== PROBLEM TO WORK ON ==
The full listing is to be transcribed exactly, with each picture left out.

== RECORDED INFORMATION ==
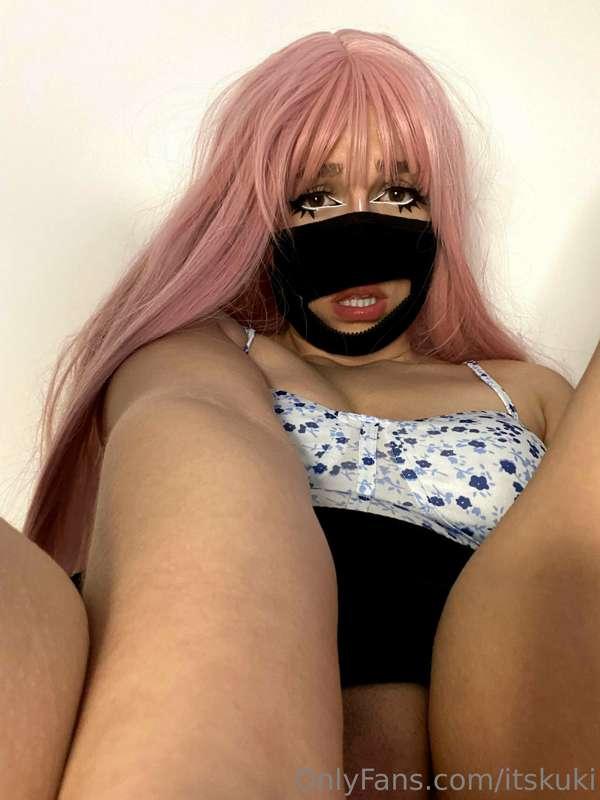 wanna see the rest? dm me 😘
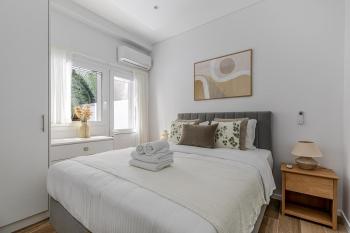 Chleo - Glamorous 2 BR Apt W Balcony in Athens, Athens (photo 2)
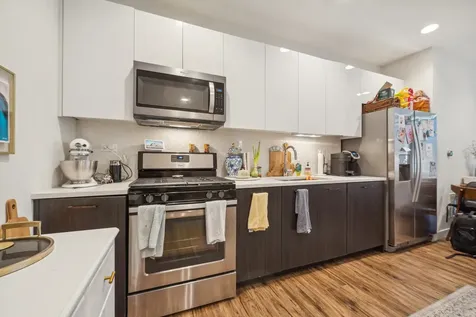1045 West Cornelia Avenue Chicago IL 60657
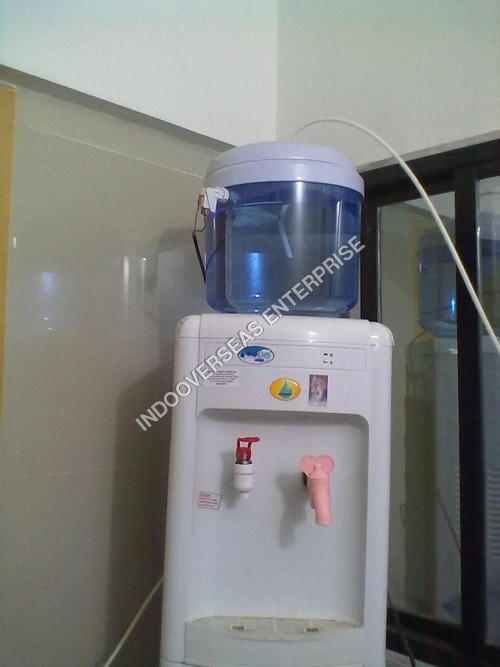 गर्म और ठंडा पानी डिस्पेंसर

== TASK RESPONSE ==
 wanna see the rest? dm me 😘
 Chleo - Glamorous 2 BR Apt W Balcony in Athens, Athens (photo 2)
1045 West Cornelia Avenue Chicago IL 60657
 गर्म और ठंडा पानी डिस्पेंसर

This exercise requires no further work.